Revenge is sweet. Redemption is sweeter. The Socceroos got an unexpected taste of both on Tuesday in Moenchengladbach as they secured another famous result by toppling the third-ranked Germans to ease the pain of their heavy World Cup defeat and help restore their reputation as one of world football's great underdogs.
Holger Osieck's era continues to take on a golden tinge after the 2-1 come-from-behind victory, which looked extremely unlikely at the break. Osieck could not hide his pride after getting one over his countrymen, just as his predecessor Pim Verbeek had done when this Australian team stunned the Dutch in Eindhoven three years ago. Mark Schwarzer alluded to that result in the lead-up to this match and Germany failed to heed the warning that these Socceroos are well capable of getting results wherever they go, if given a sniff.
And thus it was proved in what was the epitome of the clichéd game of two halves. Germany were vastly superior in the first period, with their only failing being their inability to turn total dominance into more than just Mario Gomez's strike. But they came out sluggish and sloppy after half time, letting Australia get comfortable. In particular, the German pressing game dropped off and it was a case of give an inch, give a mile as the Socceroos then turned the match's momentum completely and made it count with a heavyweight's one-two knockout combination in the form of David Carney's equaliser and Luke Wilkshire's penalty within two minutes of each other.
Victory to Australia might mean more than defeat to Germany. The home side, fielding a youthful selection featuring nine changes from their 4-0 thrashing of Kazakhstan in their Euro 2012 qualifier, proved themselves the better team in the first half. They showed they had the Aussies well covered for technical quality and physical dynamism. The fact this second-string starting XI was unfamiliar might have reduced their potency in the final third - Gomez's sublimely struck goal was one of their only shots of note - but they made the Asian Cup finalists look a panicky rabble.
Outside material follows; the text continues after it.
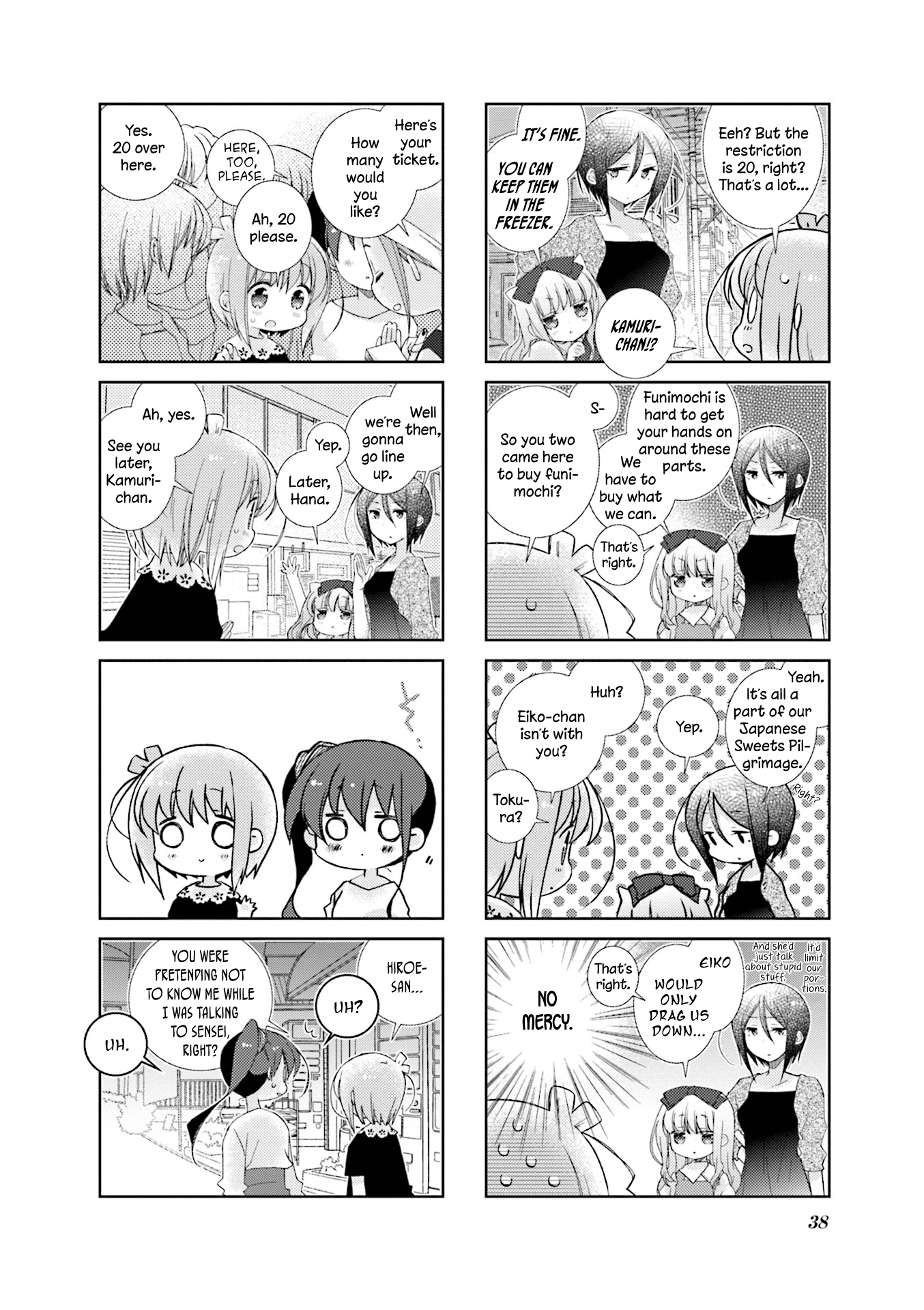Slow Start chapter 65 page 4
The Australian players put in some physical challenges in their frustration, a theme that brought understandable anger from the German bench.
As is so often the case with international friendlies, the dominant team let their intensity slide. They had made their statement and earned their lead, so the young Germans fell into the trap of relaxing their work ethic without the ball in the second half. They walked off to the jeers that had greeted their peers after the Kazakhstan victory, with a lesson that effort must always marry quality against a hungry and determined opposition.
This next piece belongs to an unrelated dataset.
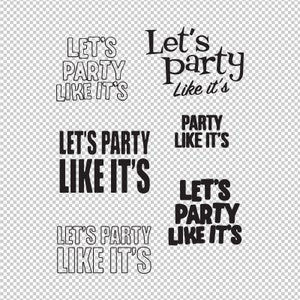 Party Like It's 1995 - Etsy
But to say Germany gifted Australia victory would be to discredit the Socceroos, who produced some impressive passing interchanges with the extra time and space afforded them and deserved at least a draw for their fight-back.
Osieck revealed afterwards that a spirited dressing room exchange sparked the turnaround.
"In the first half we played from our structure pretty good but we gave the ball away too easily," he told Fox Sports. "I said if we don't string passes together we don't get a result here. I was quite aggressive, I said 'you can do it' and we were really upbeat. I told them we are Australia, we are somebody, and we don't have to be afraid of them."
Friendlies are much more about performances and lessons than results and there was plenty of value here for Osieck. His primary gain was the knowledge his team can get on top of a superior opponent and this result will now be a touchstone in future team talks when an injection of belief is needed.
He used the same players - minus the injured Tim Cahill - as his run to the Asian Cup final and the fact he stuck with the starting XI so deep into the contest portrayed his desire to get the result. Once again Matt McKay proved his worth at this level by being one of the few to emerge from the first half with some credit before playing a leading role in the turnaround, most significantly with his deft flick that isolated three defenders and released Carney for his goal.
On the left side of a 4-4-2 is not McKay's preferred or best position and his effectiveness once drifting inside enhanced his claims for a start in the engine room, where Carl Valeri and Mile Jedinak struggled to keep possession when under pressure early on.
Carney's continued monopoly in the left-back role, despite his mixed performances there and his lack of football at Blackpool, is still an area of concern despite his goal and given McKay's ascension into the national team, one wonders whether A-League standouts Josh Rose or Shane Stefanutto might not have been more comfortable against the impressive Andre Schurrle.
Sasa Ognenovski again looked right at home next to Lucas Neill. Ognenovski did well to recover from a slip to deny substitute Miroslav Klose a seventh goal in seven internationals while Neill was lucky Klose fell theatrically when there was contact in the box.
At the other end, the desperate need for more firepower was clear as Harry Kewell and Brett Holman failed to threaten besides the former's winning of the penalty from Christian Trasch's clumsy and unnecessary tackle.
Brent McGrath made a cameo appearance significant only for the fact it was the Brondby striker's senior debut.
The Socceroos avenging their fateful 4-0 Durban disaster is an obvious angle for the headline writers but it is no less apt. Despite their shortcomings, this Australian side is well equipped heading into the upcoming World Cup qualifiers, but that was already known from the success achieved in Qatar this year. Instead, what was to gain here was the recognition from both inside and outside the camp that this team is still one to be reckoned with on the highest stage, an objective that was achieved with emphatic success. In Osieck's words, the Socceroos "are somebody" once more.